Tutte ombre che attenuano la visione entusiastica a proposito di questo vasto ambito culturale e sociale.
In ogni caso, si tratta di un ambito di importanza decisamente maggiore di quella attribuitagli dai mass media e dagli studi accademici. A parte circostanze particolari (le feste più importanti, come Sant’Efisio o il Redentore, ecc.), l’attenzione giornalistica è del tutto assente. Nel campo della ricerca, lasciati a un discorso a parte gli studi etno-musicologici, latitano percorsi strutturati di ampio respiro.
Anche qui ha prevalso la visuale etnografica, antropologica, che tipicamente si riserva ai luoghi e ai popoli percepiti come estranei dall’osservante “occidentale”. Invece si tratta di un ambito che andrebbe vagliato e compreso in termini sia storici sia sociologici, misurato coi criteri della nostra contemporaneità, calato nella realtà viva in cui questi fenomeni esistono e si riproducono.

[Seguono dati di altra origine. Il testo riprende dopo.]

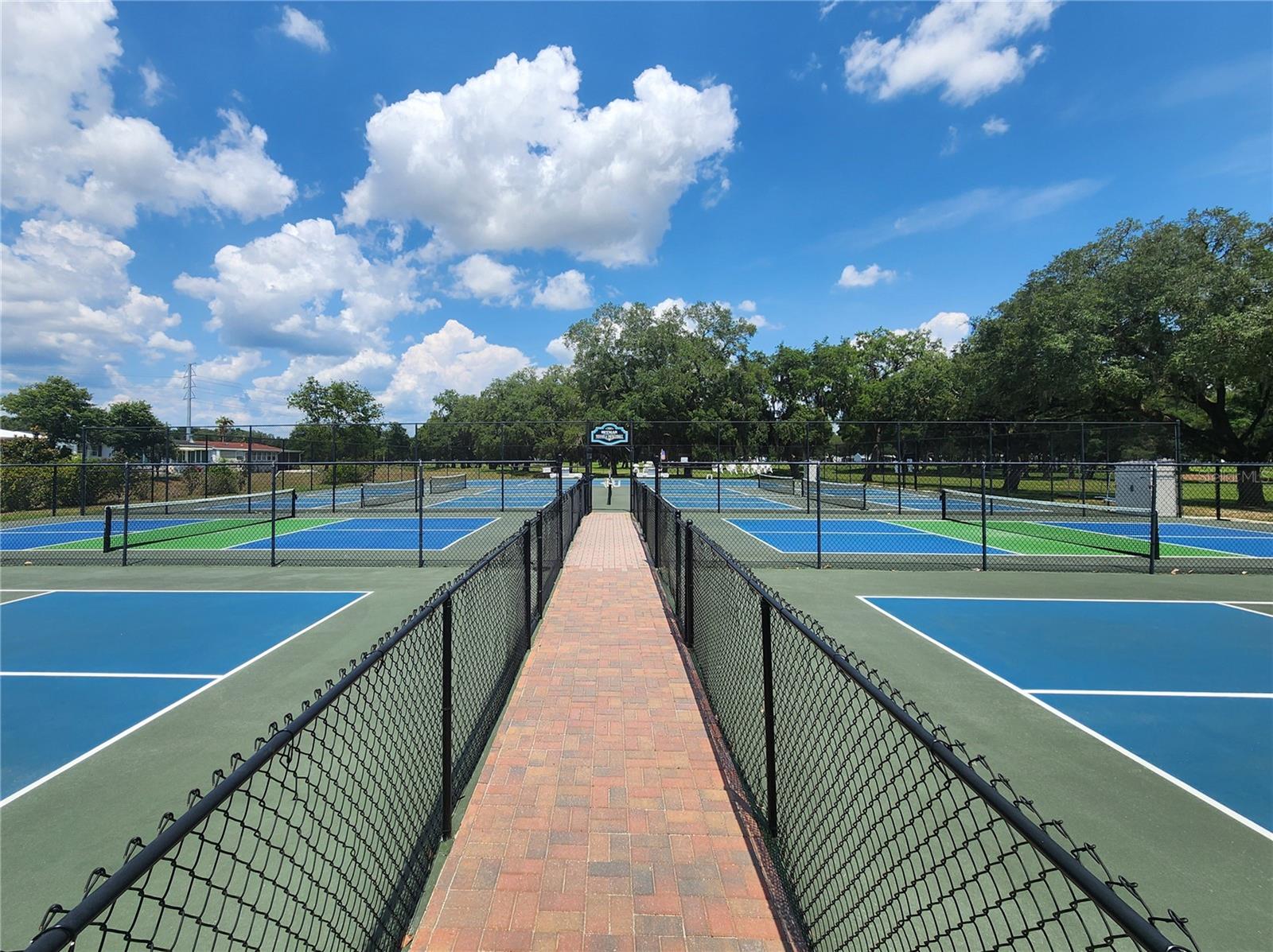 Pickleball & tennis courts.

Data la sua ampiezza, il fenomeno folklorico in Sardegna avrà ancora per un pezzo un suo peso. Se sarà solo una zavorra o invece un bagaglio culturale creatore di emancipazione sarà il futuro a dirlo.
Conoscerlo, studiarlo, farne emergere le contraddizioni, valorizzarne le potenzialità positive è necessario per la sua crescita e prima di tutto per la consapevolezza di chi lo vive.
Altrimenti si ridurrà inevitabilmente a una banale mistificazione di tradizioni popolari più o meno genuine, buona per intrattenere i turisti e poco più. Salvo poi riconsegnarci collettivamente, dopo un effimero momento di gloria posticcia, al nostro destino di dipendenza e di impoverimento materiale e immateriale.